I believe that the Government should immediately defer this proposal so that the total effects of this measure can become known through an inquiry. The reasons why this action should be taken can be seen by pointing out the unique features of this industry. The industry has a long working capital cycle as funds are committed in maturing stock. Stock turnover is lower than in most other industries. The average turnover in 1972-73 in the wine industry was 33 months. This time lapse is, of course, from the receipts of the grapes until the sale of the finished product. Section 31a has aided and abetted the wine industry and it is by the previous Government's policy on the brandy excise differential and the stock valuation provisions that incentives have been given to the industry. I am worried now that the wine industry will not be able to take all the grapes as and when offered.
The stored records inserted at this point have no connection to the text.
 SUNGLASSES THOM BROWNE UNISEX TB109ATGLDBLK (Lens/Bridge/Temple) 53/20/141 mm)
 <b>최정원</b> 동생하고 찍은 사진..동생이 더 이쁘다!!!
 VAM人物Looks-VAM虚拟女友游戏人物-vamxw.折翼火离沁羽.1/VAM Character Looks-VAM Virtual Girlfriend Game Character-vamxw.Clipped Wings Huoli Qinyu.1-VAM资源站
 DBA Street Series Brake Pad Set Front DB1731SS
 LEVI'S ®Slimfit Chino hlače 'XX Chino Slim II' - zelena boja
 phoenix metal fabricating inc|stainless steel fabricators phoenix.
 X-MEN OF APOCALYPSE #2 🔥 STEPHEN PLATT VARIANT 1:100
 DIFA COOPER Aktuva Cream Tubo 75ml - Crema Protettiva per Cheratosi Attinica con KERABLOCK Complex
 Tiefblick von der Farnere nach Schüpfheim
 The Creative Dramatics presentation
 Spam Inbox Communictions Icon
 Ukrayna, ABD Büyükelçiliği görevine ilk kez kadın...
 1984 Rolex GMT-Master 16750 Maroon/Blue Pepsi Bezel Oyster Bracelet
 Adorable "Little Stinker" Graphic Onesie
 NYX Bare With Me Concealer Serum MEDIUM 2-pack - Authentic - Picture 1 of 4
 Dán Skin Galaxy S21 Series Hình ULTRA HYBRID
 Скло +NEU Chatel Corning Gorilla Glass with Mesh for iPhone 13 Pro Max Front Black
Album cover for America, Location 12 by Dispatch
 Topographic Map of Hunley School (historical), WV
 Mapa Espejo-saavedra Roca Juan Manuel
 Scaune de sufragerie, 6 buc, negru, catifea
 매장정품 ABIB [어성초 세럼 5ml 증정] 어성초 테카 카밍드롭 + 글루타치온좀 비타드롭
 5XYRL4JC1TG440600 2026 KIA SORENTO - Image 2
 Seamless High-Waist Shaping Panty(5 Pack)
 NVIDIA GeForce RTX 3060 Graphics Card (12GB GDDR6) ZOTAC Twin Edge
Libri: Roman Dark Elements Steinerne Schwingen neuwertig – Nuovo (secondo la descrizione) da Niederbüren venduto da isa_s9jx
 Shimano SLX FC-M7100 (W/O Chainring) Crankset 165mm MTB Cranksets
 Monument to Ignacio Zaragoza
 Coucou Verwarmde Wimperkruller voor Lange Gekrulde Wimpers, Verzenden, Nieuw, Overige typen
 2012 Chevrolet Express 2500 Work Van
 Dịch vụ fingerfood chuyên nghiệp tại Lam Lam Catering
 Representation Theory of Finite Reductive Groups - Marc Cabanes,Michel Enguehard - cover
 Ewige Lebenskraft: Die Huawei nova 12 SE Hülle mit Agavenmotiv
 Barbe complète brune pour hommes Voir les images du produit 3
I am worried that the industry will not be able to absorb large tonnage fluctuations from vintage to vintage. I believe that section 31a has made a valuable contribution to the stability and prosperity of the grape growing industry.

These 3 factors have tended to keep stock levels higher than would have been the case in normal manufacturing industry and stocks of wine at wineries therefore have not been related only to sales forecasts. In other industries raw material often is readily available and can be easily stored. In the case of alcoholic beverages made from other than grapes raw materials can be obtained throughout the year on an immediate delivery basis. But wine growers have no alternative outlets and look to the wine industry only for the disposal of their raw materials over a very limited life of some 8 to 10 weeks. The major effect to the industry of repealing section 31a will be the dispossession of owners of private and family companies. There are approximately 180 such companies within the industry, which today has become one of Australia's very important industries. The wine growing industry is scattered throughout the length and breadth of Australia. Therefore this is by no means a parochial matter. Previous government policy has been to encourage capital investment by the industry. As a result the industry has kept abreast of the best international wine and brandy making techniques and has continued to upgrade its equipment. The industry has invested in a large amount of expensive equipment which is used only for the vintage for a small part of the year.

The effect of this measure will result in an unwillingness to accept all grapes offered. There will be a general lowering of wine stock levels which will flow through to grape growers and the co-operatives. Professor Grant in his report on the Australian wine industry says that the wine industry is unusual in that the burden on surpluses is passed back to the residual suppliers who are defined as the growers who supply proprietary companies and co-operatives with grapes and some small wine makers who supply them with bulk wine. Cooperative sales to other proprietary companies would be considerably reduced and consequently their intake of grapes also will be affected. It is important to recognise that grape growing and the wine industry are interdependent. I have mentioned that the industry must undoubtedly restrict grape intakes and reduce stocks both to conserve cash and to reduce stock holdings on which it will be taxed. Even if one assumes that total wine demand remains constant, this will result in some diversion of grapes to large organisations with the resources to finance such stocks. Similarly, stocks of immature wine could be directed to the financially strongest organisations at less than economic prices.

This taxation measure, like most others in this Bill, points out, I believe, the ignorance and complete lack of understanding by the Government of this major industry. It is vital to the future of Australian wine producers and the producers of grapes that the repeal of section 31a be deferred. The Labor Government would not be denied taxation for some months and it would give it time to inquire into the disastrous repercussions that this measure will have on the industry.